About this task
Repeat, line for line, only the span that opens at the "Load image into" line and closes at the final line below. Skip the pictures.

Caption-style text data:
=== Begin Enclosure ===

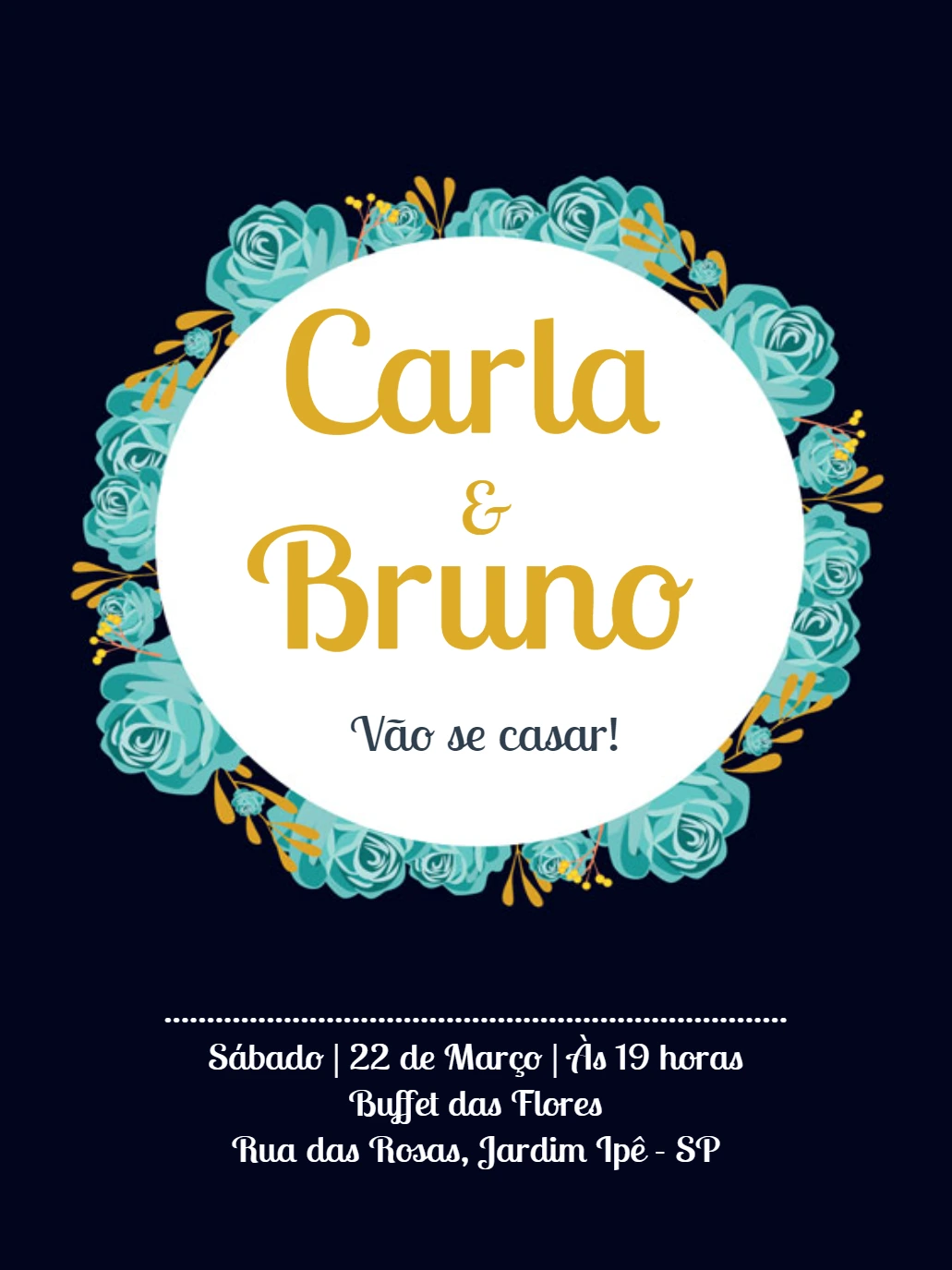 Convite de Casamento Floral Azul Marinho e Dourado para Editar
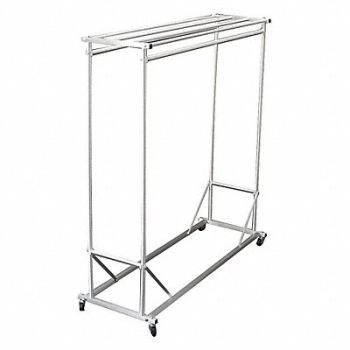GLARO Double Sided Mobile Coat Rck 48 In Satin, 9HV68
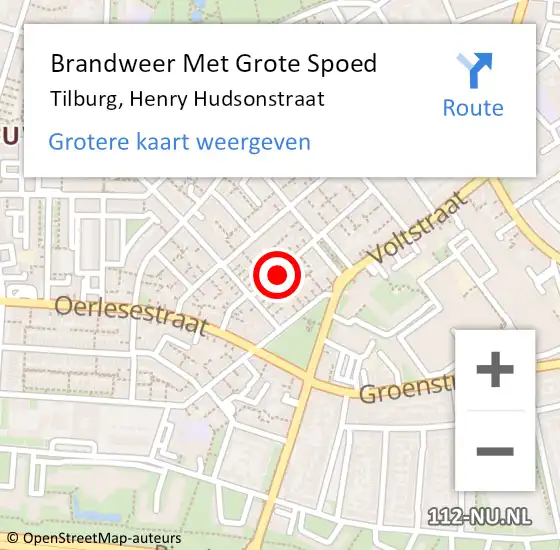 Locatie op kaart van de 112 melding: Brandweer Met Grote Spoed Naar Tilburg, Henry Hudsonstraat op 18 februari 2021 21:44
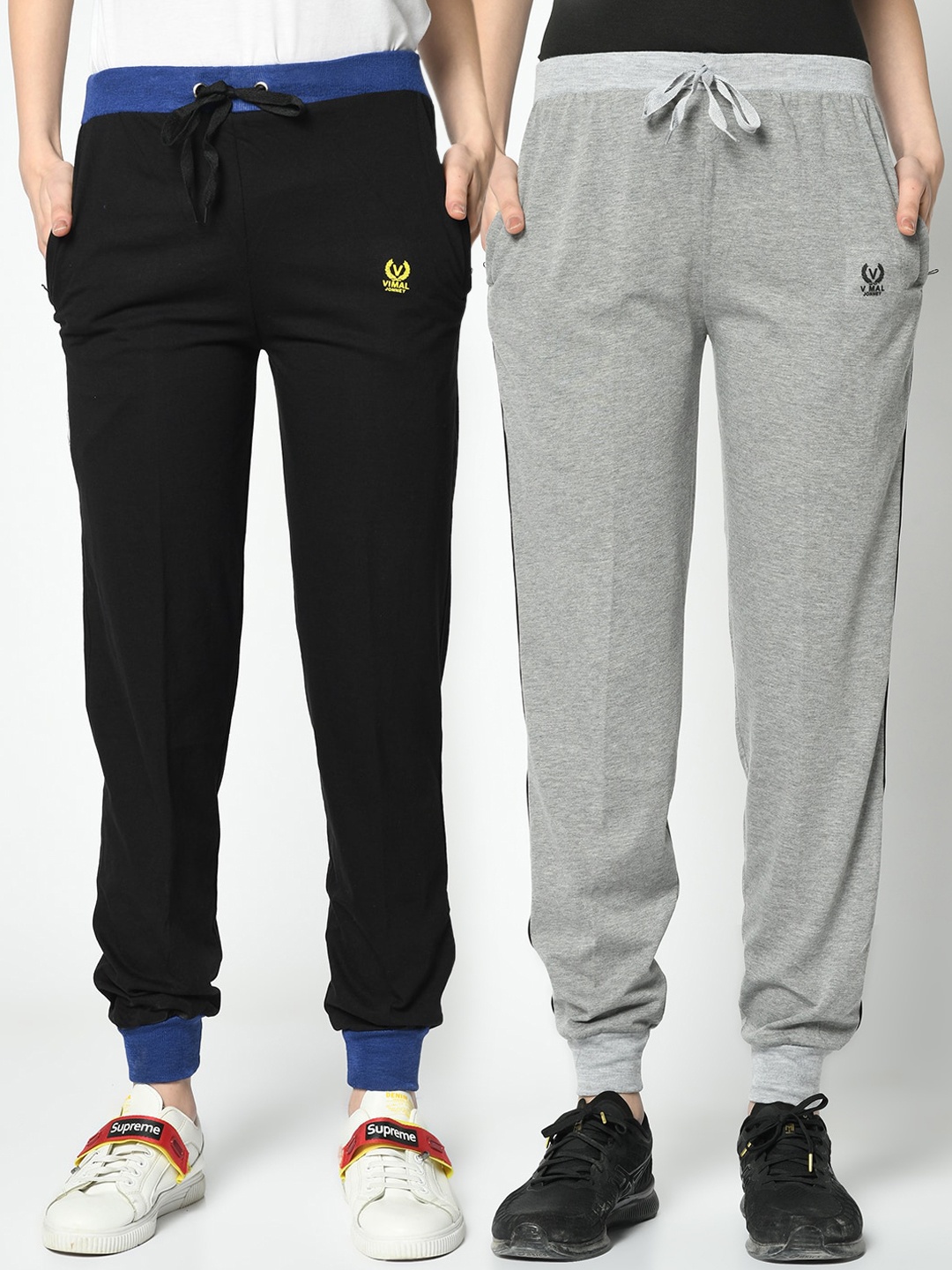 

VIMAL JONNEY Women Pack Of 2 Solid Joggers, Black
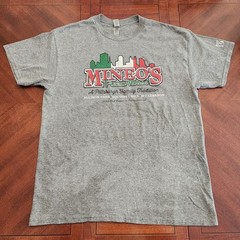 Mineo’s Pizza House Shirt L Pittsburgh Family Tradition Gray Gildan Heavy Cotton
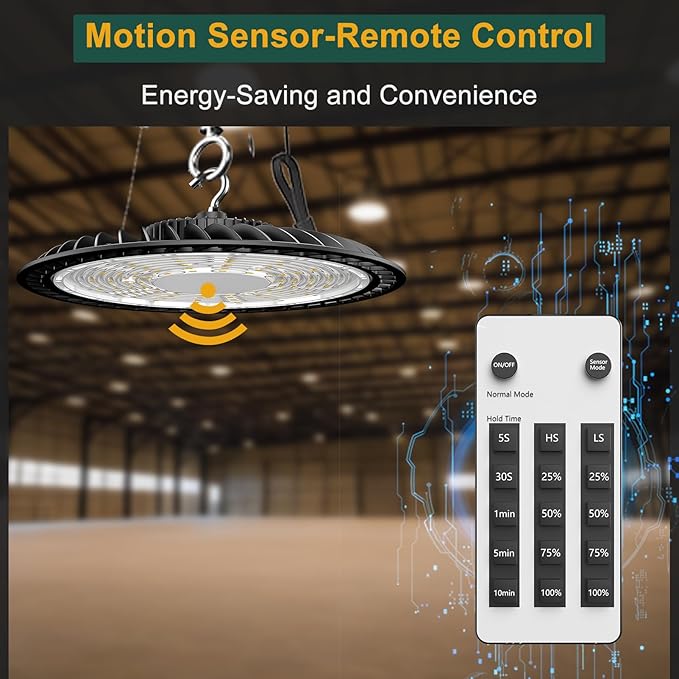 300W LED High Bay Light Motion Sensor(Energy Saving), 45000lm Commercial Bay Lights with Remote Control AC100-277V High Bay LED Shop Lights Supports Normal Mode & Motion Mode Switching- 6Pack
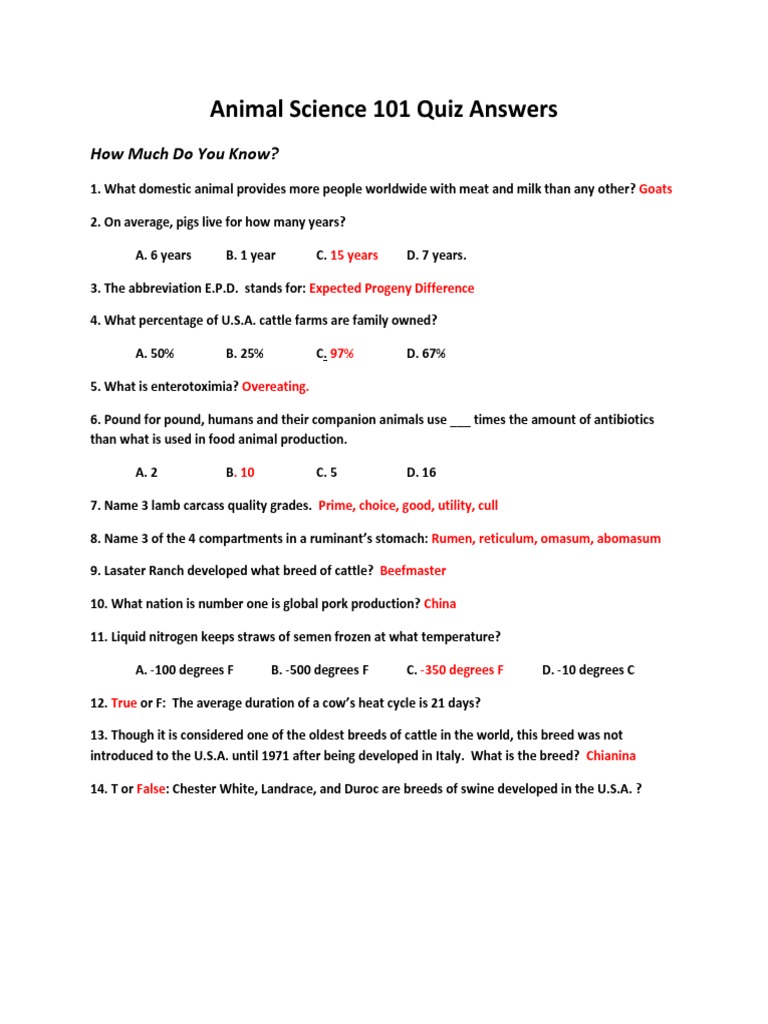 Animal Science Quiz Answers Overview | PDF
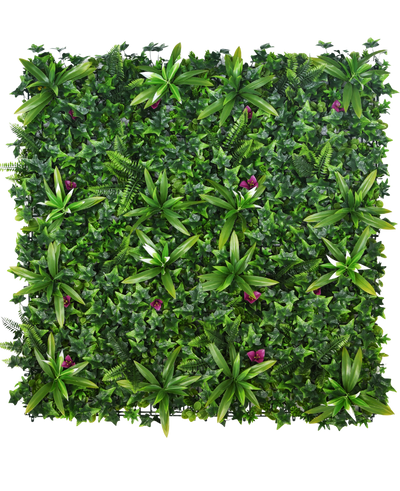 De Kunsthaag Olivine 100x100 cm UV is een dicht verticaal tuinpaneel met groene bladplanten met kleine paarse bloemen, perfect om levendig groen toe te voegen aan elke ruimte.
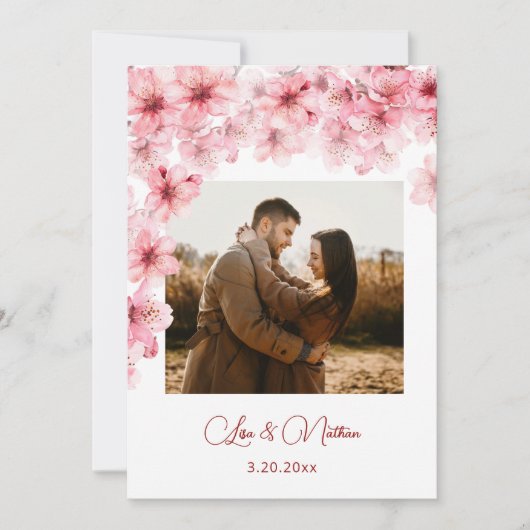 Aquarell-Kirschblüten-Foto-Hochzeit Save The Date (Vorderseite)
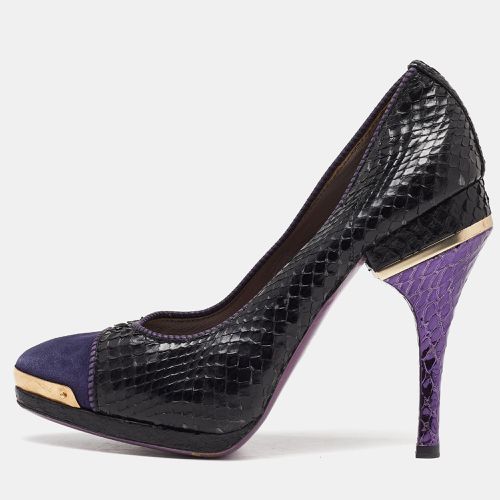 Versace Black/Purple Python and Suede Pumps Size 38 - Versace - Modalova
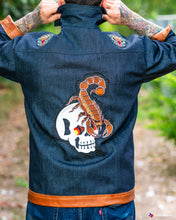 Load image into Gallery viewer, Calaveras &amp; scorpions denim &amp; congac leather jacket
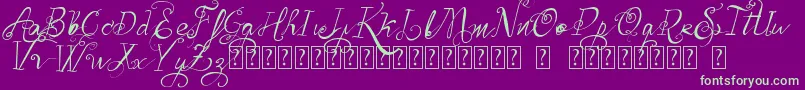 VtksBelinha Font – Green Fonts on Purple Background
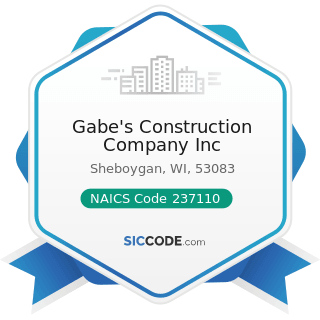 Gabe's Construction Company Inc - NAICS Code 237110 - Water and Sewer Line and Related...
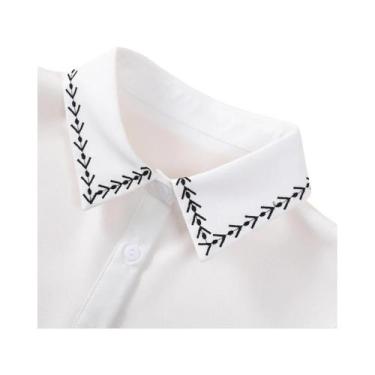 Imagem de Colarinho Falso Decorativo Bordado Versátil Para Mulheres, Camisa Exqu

=== End Enclosure ===

Solution below
 Load image into Gallery viewer, Calaveras &amp; scorpions denim &amp; congac leather jacket
 VtksBelinha Font – Green Fonts on Purple Background
 Gabe's Construction Company Inc - NAICS Code 237110 - Water and Sewer Line and Related...
 Imagem de Colarinho Falso Decorativo Bordado Versátil Para Mulheres, Camisa Exqu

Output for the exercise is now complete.